紙の発行部数に迫るFT.com有料会員数

 フィナンシャル・タイムズ紙「FT.com」マネージングディレクターのロブ・グリムショウ氏と、日本経済新聞社デジタル編成局長 野村裕知氏という、日・英を代表する経済紙のデジタル部門のトップを迎えたプレゼンテーションは参加者の大きな関心を集めた。モデレーターは電通の片山直子氏。

FT.com ロブ・グリムショウ氏
(撮影:前田せいめい)

 まず、グリムショウ氏が「FT.com」の概要を紹介。同紙は2001年からネット上での課金購読サービスを開始している。現在、紙の発行部数35万部に対して、デジタルの有料会員数が24万8000人にまで増えているという。グリムショウ氏は「デジタルの購読者が紙媒体に迫る読者を獲得するのは世界に例を見ないことだ」と述べた。

 購読者数の増加で広告ビジネスにもメリットが生じている。デジタルの購読者の職種や肩書きなどのデータに応じて、非常に高度なターゲット広告を打つことができるからで、イノベーティブなツールの開発も可能になったという。
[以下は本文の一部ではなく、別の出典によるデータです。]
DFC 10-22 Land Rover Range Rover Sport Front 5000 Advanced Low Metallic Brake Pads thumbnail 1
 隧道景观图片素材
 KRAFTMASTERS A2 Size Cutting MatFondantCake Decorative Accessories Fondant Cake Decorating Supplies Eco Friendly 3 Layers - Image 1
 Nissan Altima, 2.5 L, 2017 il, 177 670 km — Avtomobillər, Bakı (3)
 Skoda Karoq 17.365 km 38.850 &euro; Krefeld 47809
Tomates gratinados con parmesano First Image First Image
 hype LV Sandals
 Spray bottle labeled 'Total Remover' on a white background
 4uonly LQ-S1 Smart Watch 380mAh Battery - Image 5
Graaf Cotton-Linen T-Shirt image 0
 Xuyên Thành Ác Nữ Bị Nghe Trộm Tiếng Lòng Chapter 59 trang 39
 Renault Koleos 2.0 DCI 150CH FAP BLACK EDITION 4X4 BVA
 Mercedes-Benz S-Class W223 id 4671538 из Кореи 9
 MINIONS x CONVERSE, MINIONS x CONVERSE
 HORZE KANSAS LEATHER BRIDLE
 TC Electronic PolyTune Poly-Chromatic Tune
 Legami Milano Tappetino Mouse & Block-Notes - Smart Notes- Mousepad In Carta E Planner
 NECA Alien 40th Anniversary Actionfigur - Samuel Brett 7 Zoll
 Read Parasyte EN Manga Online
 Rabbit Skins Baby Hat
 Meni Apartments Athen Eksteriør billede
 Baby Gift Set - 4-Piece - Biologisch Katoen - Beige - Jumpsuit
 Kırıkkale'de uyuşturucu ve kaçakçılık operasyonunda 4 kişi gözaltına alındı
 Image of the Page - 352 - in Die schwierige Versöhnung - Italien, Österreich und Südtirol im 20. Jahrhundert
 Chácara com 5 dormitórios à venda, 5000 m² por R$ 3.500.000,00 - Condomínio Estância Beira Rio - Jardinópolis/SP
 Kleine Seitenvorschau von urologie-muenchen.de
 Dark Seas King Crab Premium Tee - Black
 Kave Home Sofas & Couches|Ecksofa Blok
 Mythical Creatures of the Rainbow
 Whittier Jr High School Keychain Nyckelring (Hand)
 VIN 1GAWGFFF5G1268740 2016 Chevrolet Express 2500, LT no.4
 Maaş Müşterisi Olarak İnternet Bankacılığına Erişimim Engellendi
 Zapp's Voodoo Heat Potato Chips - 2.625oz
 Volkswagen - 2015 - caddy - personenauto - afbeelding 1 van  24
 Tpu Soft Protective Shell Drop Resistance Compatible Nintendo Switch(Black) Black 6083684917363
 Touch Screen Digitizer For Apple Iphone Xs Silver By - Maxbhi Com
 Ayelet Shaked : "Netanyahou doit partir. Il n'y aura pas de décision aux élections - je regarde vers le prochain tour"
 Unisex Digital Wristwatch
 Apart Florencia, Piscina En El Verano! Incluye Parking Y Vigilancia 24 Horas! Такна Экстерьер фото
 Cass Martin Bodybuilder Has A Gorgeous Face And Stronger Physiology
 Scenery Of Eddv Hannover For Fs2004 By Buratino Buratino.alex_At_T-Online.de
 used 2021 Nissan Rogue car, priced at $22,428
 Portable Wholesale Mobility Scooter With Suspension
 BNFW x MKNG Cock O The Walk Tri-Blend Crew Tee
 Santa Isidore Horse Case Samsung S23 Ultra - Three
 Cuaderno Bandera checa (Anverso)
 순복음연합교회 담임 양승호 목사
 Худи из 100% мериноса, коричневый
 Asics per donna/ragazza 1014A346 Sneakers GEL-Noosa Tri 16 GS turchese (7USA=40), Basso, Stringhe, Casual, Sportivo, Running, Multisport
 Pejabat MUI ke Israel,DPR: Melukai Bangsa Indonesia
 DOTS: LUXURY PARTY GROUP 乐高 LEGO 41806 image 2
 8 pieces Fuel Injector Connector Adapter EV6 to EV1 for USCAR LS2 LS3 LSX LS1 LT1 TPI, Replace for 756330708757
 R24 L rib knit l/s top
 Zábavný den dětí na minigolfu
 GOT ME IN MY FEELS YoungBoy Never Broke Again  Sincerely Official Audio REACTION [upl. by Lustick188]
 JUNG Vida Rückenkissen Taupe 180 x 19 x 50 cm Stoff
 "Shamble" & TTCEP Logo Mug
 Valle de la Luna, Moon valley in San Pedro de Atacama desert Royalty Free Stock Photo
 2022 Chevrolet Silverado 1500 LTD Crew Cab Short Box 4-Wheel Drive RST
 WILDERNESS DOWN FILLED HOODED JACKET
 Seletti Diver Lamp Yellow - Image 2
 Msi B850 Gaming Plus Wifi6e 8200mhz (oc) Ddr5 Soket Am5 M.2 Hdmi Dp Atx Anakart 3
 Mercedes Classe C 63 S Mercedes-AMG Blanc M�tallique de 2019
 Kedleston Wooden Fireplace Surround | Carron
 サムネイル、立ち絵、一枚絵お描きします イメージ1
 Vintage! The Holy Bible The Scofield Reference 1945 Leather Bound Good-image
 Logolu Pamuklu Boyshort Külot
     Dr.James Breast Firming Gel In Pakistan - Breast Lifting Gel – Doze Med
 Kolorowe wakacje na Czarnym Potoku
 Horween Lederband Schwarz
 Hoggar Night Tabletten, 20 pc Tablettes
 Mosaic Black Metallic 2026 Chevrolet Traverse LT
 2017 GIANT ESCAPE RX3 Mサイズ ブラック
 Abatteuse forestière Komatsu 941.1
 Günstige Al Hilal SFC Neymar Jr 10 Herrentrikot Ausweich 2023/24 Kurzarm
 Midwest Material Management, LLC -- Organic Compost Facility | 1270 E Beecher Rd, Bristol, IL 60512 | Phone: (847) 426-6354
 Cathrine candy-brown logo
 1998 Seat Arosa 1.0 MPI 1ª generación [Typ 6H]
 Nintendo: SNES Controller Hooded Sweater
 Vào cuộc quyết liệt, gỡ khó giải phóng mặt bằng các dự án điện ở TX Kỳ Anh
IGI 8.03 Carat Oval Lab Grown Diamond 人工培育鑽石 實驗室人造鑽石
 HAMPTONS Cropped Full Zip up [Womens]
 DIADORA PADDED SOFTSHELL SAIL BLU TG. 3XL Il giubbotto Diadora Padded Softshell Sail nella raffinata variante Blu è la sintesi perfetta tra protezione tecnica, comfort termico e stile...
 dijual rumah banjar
 グリムショウ氏は「この業界にとってモバイルは将来の方向性でもある」と断言。「FT.com」のページビューの20%はタブレットやスマートフォンから来ており、コアユーザーの30%はタブレットやスマートフォンを使ってニュースを見ている。ページビューの中でモバイルが占める割合は5割まで増加している。「ニュースは即時性が重視されるので、モバイルのデバイスでアクセスしやすくすることで、ニュースの強みを生かすことができる」と強調した。